Io credo che su questo settore si possano immaginare ulteriori passi in avanti, che valorizzino le grandi potenzialità di Romagna Acque, senza retrocedere da percorsi industriali già fatti. Penso si possa sviluppare l' “anomalia” romagnola, senza sterili logiche di contrapposizione tra un soggetto e l’altro ma verificando ulteriori processi di efficientamento nella logica di un ruolo rafforzato per la società pubblica delle fonti, alla ricerca di ulteriori vantaggi per i cittadini anche in termini infrastrutturali e tariffari.

Stiamo lavorando per l'ulteriore evoluzione di Romagna Acque Società delle Fonti nell’unica società romagnola detentrice di (tutte le) reti idriche.

Questo percorso si porrebbe in una logica di completa razionalizzazione del sistema, e consentirebbe una riduzione del numero complessivo di società.

Il momento è propizio di un progetto di area vasta e dalla prospettiva strategica e di lungo periodo, in una visione complessiva di respiro romagnolo e regionale.

Un' ulteriore evoluzione del sistema che porti Romagna Acque Società delle Fonti, già proprietaria di tutte le reti e gestore delle fonti, a diventare anche il principale interlocutore nella programmazione e finanziamento degli investimenti dell’intero ciclo idrico, rafforzerebbe e potenzierebbe, con efficacia e concretezza, il significativo ruolo di un soggetto a controllo pubblico, senza indebolire una logica industriale efficace e coerente.

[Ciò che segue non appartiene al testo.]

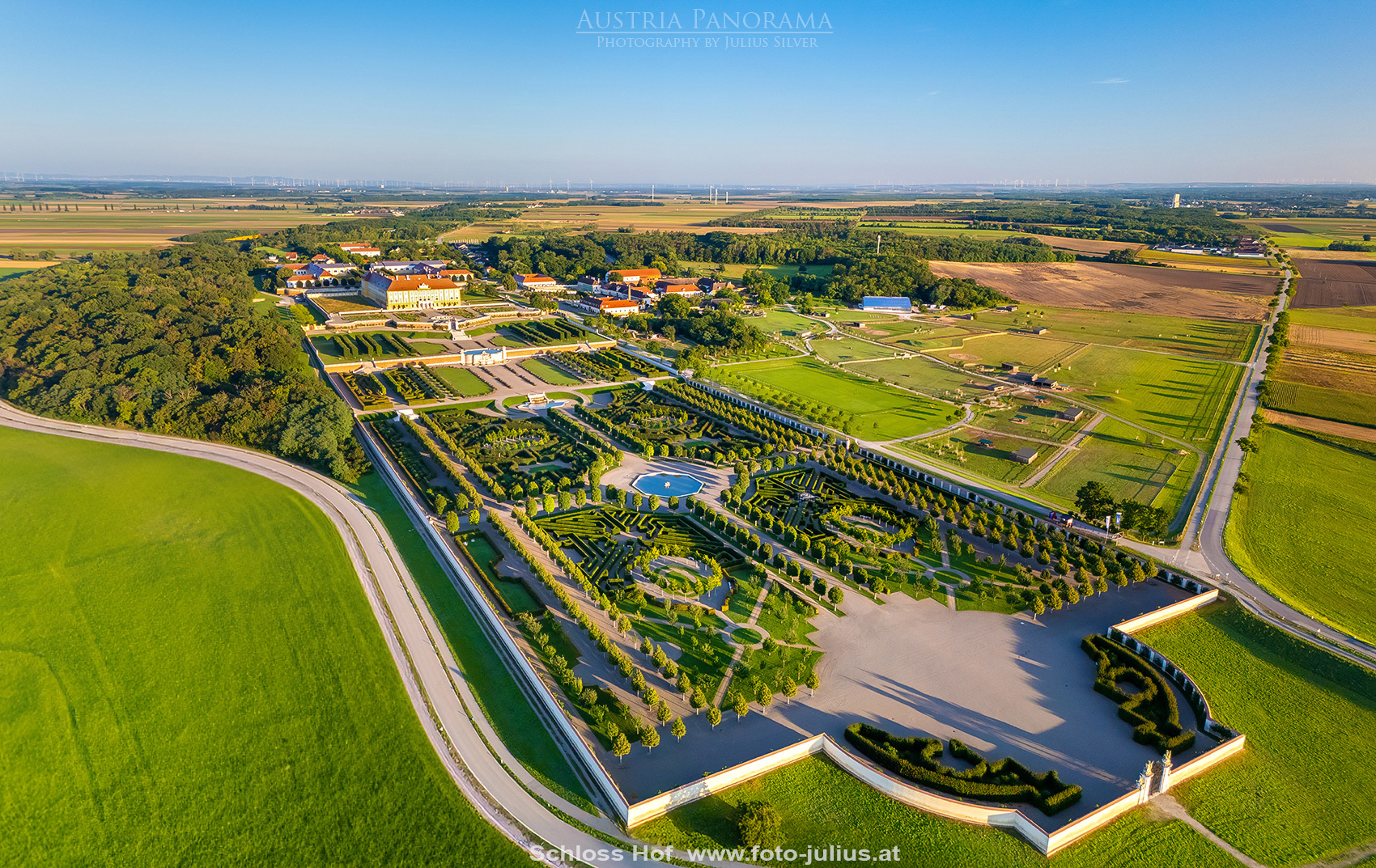 4128a_Schloss_Hof.jpg, 1,2MB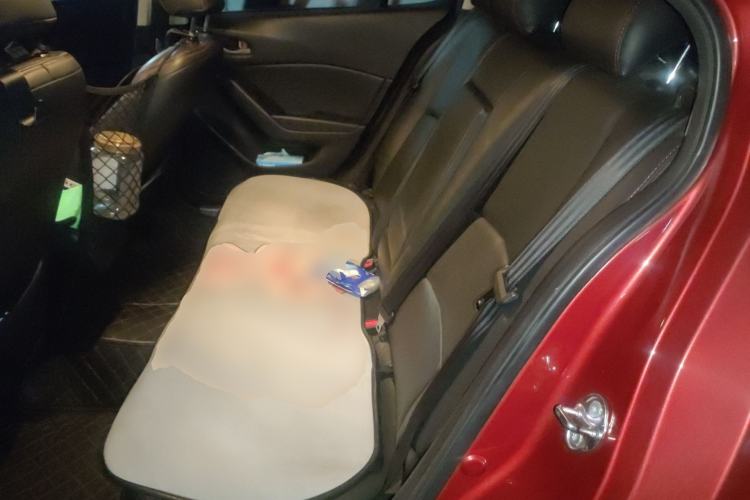 Used Mazda 3 Axela 2017 Sedan 1.5L Automatic Comfort Model Emission Standard China V Left Rear Seat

Occorre la consapevolezza che un percorso come quello che ho fin qui descritto, che presenta evidenti vantaggi di razionalizzazione del sistema, richiede l’impegno coerente e condiviso di una pluralità di soggetti e una forte volontà degli azionisti. Ma è anche necessaria la capacità di avere una visione di prospettiva da parte   di  ATERSIR  per individuare soluzioni adeguate di natura tariffaria che costituiscono un fattore importante per il successo del percorso.

Si tratta,  come ho detto,  di un percorso non semplice, anche tenendo conto che nei vari territori attualmente vi sono situazioni diversificate, ma stimolanti e di largo respiro, rispetto al quale la forte condivisione di tutti i principali soggetti istituzionali romagnoli è un ottimo presupposto per il successo del progetto, che necessita però anche del sostegno istituzionale della Regione”.